Currently, the InterviewListCommand is functionally similar to SelectCommand. In v2.0, there will be the following improvements to the InterviewListCommand:

  • Additional parameters to filter interviews

    • New command format will be interview INDEX list [o/IsOnline] [a/Address] [d/Date].

    • The command will return the list of interviews consisting of only the interviews that contain the optional fields provided in the command.

    • FilteredList from javafx will be used to implement this feature.

Design Considerations

Aspect: How to implement interview
  • Alternative 1 (current choice in v1.4): Use an abstract class as the primary reference to Interviews. Implement types of Interview as extending classes.
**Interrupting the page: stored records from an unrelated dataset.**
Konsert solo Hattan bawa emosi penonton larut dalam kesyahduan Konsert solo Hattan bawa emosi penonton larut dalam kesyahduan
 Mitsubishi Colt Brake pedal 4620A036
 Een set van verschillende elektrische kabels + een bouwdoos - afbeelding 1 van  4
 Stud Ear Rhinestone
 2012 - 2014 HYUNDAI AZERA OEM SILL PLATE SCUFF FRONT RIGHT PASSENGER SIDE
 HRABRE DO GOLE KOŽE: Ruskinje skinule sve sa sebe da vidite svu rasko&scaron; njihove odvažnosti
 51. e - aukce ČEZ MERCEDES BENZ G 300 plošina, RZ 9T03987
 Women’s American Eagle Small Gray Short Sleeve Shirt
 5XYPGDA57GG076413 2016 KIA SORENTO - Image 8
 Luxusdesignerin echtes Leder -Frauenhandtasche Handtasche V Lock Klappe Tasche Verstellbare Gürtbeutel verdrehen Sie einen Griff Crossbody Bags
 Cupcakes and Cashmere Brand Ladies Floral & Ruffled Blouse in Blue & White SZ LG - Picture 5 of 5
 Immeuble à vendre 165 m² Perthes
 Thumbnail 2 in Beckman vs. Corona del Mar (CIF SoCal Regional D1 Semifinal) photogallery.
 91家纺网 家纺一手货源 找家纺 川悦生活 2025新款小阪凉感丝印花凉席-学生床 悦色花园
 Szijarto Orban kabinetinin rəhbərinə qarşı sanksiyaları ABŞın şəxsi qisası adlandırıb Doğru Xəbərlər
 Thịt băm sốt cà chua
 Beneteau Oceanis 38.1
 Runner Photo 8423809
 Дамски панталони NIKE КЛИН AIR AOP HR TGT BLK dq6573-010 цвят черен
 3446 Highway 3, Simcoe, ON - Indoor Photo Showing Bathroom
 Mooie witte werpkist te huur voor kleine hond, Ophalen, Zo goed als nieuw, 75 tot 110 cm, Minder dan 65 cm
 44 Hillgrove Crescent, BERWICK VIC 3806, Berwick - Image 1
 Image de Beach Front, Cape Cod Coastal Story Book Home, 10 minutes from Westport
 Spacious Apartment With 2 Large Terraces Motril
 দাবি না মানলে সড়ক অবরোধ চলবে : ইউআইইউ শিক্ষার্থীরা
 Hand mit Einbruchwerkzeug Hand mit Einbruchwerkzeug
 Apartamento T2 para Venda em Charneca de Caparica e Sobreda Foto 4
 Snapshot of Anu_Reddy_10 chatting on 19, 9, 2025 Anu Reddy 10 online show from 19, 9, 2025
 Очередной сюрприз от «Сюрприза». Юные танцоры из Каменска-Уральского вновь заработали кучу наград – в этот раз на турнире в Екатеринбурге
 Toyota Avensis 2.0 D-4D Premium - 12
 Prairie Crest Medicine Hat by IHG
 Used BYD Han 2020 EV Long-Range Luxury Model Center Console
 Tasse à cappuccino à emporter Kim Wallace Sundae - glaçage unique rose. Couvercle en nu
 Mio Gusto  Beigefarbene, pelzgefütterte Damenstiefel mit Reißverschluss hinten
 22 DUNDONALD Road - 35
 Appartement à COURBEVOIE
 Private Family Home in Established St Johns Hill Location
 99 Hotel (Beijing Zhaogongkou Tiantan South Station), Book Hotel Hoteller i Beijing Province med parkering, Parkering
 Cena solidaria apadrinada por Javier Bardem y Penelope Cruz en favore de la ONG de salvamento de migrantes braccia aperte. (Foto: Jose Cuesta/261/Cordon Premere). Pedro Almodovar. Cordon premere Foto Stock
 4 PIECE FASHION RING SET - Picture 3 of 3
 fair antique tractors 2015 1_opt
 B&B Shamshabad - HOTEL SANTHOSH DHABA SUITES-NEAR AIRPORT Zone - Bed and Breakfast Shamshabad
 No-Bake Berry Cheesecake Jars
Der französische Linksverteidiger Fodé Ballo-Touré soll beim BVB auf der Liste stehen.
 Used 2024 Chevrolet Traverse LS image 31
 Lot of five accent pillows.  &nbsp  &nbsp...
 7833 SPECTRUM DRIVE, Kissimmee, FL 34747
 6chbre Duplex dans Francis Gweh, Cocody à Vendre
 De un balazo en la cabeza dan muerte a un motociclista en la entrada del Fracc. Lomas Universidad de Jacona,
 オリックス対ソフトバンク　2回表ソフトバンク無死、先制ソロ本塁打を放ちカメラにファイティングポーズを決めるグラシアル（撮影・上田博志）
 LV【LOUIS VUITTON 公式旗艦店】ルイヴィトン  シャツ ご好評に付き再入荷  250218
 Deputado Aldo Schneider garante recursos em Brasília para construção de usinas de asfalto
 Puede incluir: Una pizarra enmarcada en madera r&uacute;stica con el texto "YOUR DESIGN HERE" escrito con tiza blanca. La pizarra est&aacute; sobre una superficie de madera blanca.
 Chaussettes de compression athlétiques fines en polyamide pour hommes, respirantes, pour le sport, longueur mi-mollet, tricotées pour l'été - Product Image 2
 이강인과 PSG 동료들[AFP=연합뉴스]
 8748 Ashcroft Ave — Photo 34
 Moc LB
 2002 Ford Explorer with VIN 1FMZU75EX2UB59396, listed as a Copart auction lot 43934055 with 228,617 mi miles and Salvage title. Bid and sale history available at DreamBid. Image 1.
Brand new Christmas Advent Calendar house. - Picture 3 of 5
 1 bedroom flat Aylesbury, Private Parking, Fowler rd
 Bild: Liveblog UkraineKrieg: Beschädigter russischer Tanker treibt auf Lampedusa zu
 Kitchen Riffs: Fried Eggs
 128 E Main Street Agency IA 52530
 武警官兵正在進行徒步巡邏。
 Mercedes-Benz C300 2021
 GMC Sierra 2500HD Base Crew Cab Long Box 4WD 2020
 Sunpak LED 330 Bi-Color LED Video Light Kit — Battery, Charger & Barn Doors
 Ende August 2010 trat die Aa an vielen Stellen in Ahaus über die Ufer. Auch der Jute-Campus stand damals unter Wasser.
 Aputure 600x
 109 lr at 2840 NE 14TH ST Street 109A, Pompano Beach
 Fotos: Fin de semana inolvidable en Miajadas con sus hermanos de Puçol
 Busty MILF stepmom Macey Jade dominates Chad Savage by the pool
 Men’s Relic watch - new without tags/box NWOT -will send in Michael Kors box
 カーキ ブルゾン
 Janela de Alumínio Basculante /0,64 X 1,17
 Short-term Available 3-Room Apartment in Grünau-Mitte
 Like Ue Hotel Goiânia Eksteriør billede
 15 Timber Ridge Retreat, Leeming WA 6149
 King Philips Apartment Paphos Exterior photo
    • Pros: More scalable, able to easily add new Interview types.
      Easier to debug and handle exceptions.

    • Cons: More classes to create and handle.

  • Alternative 2 (previous choice in v1.3): Use a concrete Interview class with additional variables to differentiate Interview types.

    • Pros: Easy to implement.

    • Cons: Increasing number of variables if more interview types will be added.

Aspect: How to implement different Interview Commands
  • Alternative 1 (current choice): Use a standardized command with sub-command type parsed as user input.

    • Pros: More streamlined, only one command.
      Able to use polymorphism to share operations between commands.

    • Cons: Harder to implement and document.

  • Alternative 2: Use separate commands for each different method of modifying interview.

    • Pros: Easy to implement.

    • Cons: Makes the user remember more commands.
      Create a lot of repetition in code.